The team aim to develop novel strategies to efficiently kill brain cancer cells without causing intolerable damage to healthy tissues, by utilising recently developed BH3-mimetic drugs that directly activate the cell death pathway. Notably two of these drugs are currently undergoing phase 2 clinical trials for the treatment of haematological cancers whereas another has only recently been developed and is still undergoing pre-clinical testing.

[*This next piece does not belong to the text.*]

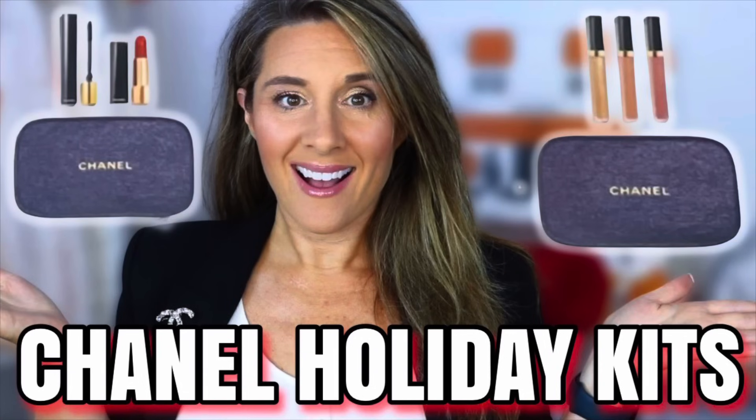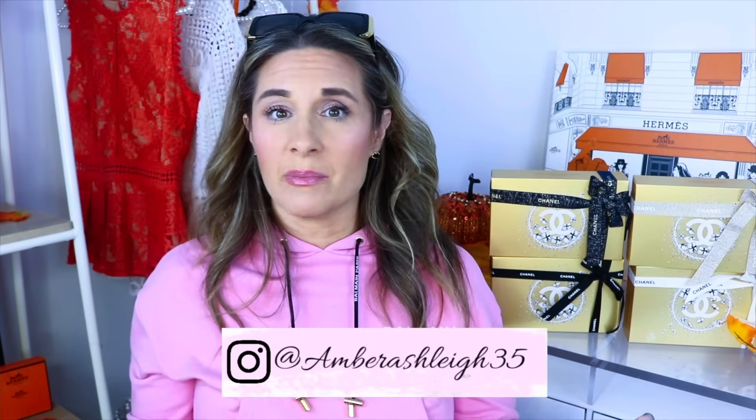If you guys didn't check out my Chanel Holiday Kits preview video, make sure to do so. There were five kits released this year and I actually opted to get four of them. I didn't order all five because one of the kits I just didn't think had items I was going to use. There is one kit in here that I actually got for you guys — I like to do this every year because I know these kits can be hot commodities, so make sure to check the description box for my giveaway details. I pre-ordered these with my sales associate and I still don't know when they'll be available online, but make sure you're following me on Instagram because as soon as I know I'll share that to my stories.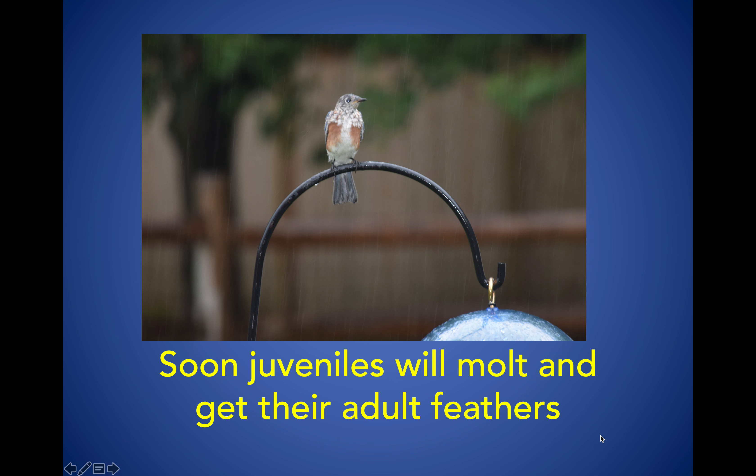Now that you know all about bluebirds, I want to mention the Bluebird Society of Pennsylvania. Look at the bottom where it says www.thebluebsp.org — that's a great resource if you have any questions about bluebirds or other songbirds. It's a source for you to find information if you do put a bluebird box up.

There are only a limited number of drugs available for the treatment of brain cancers. The standard treatments involve surgery, radiation and chemotherapy; these treatments are either invasive or can through other processes, cause substantial damage to healthy tissues, lead to impaired motor, sensory and cognitive function. This is particularly problematic in young children with a developing nervous system. The team plan to investigate the potential of using BH3 mimetic drugs (currently only being trialled for haematological malignancies) to efficiently kill brain cancer cells without causing detrimental damage to healthy tissues
Currently, only little is known about the role of the apoptotic cell death machinery in the development of brain cancer and whether targeting it has therapeutic value. MCL-1 and BCL-XL are important for the survival of neuronal cells during embryonic development and appear essential for the sustained survival and growth of human cancer cells. Inhibition of BCL-2 and/or BCL-XL using the BH3-mimetics ABT-199 or ABT-263, respectively, has shown tremendous promise in phase 1 and 2 clinical trials in CLL and other malignancies. These BH3 mimetics were developed in collaboration between major pharmaceutical companies and Walter and Eliza Hall Institute (WEHI) research divisions.

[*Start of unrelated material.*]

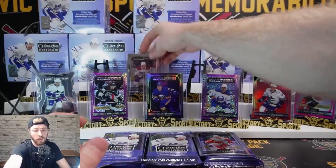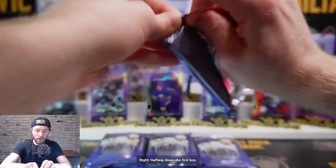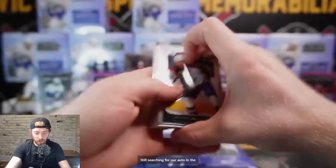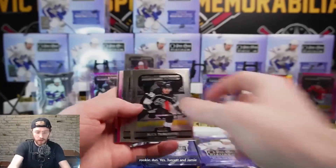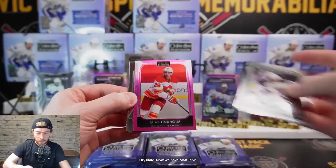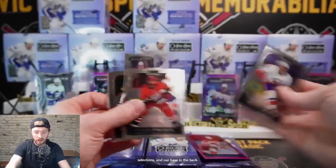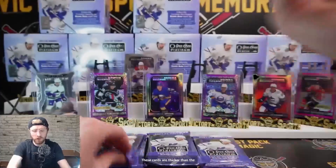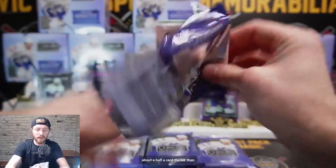Cole Caulfield can hang out in the back. Lucas Raymond Marky Rookies. We're halfway down the first box still searching for our auto. Alex Newhook retro rookie Avs, Yessi Yelonen, Turcotte, and Jamie Drysdale. Matt Pink, Elias Lindholm Calgary Flames, Jamie Drysdale Sweet Selections, and base. These cards are thicker than previous years - about half a card thicker, which I appreciate.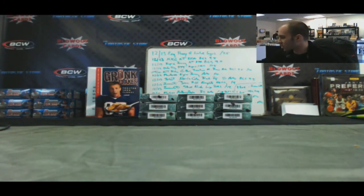Alright Jay, appreciate it buddy. Nice hits on the Kyrie, bunch of nice patches, got the Lillard numbered 1 of 100. Not bad at all. Appreciate it buddy.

"We aim to develop emerging drugs that block the machinery for cellular survival (developed in a collaboration between our laboratory and major pharma companies) for the treatment of brain cancers with poor prognosis."
- Prof Andreas Strasser
BH3 mimetics that inhibit pro-survival BCL-2 and/or BCL-XL belong to a new class of drugs that are showing great promise in clinical trials of human CLL and other malignancies. The team have recently established a collaboration with a major pharmaceutical company to develop a BH3 mimetic that selectively targets MCL-1; this is the first of its kind and clinical trials are planned for mid-2015. The access to this unique MCL-1 inhibitor combined with the knowledge and resources from Strasser, Voss and Wainwright place them in a unique position to make discoveries that will lead to substantial advances in the treatment of brain cancer.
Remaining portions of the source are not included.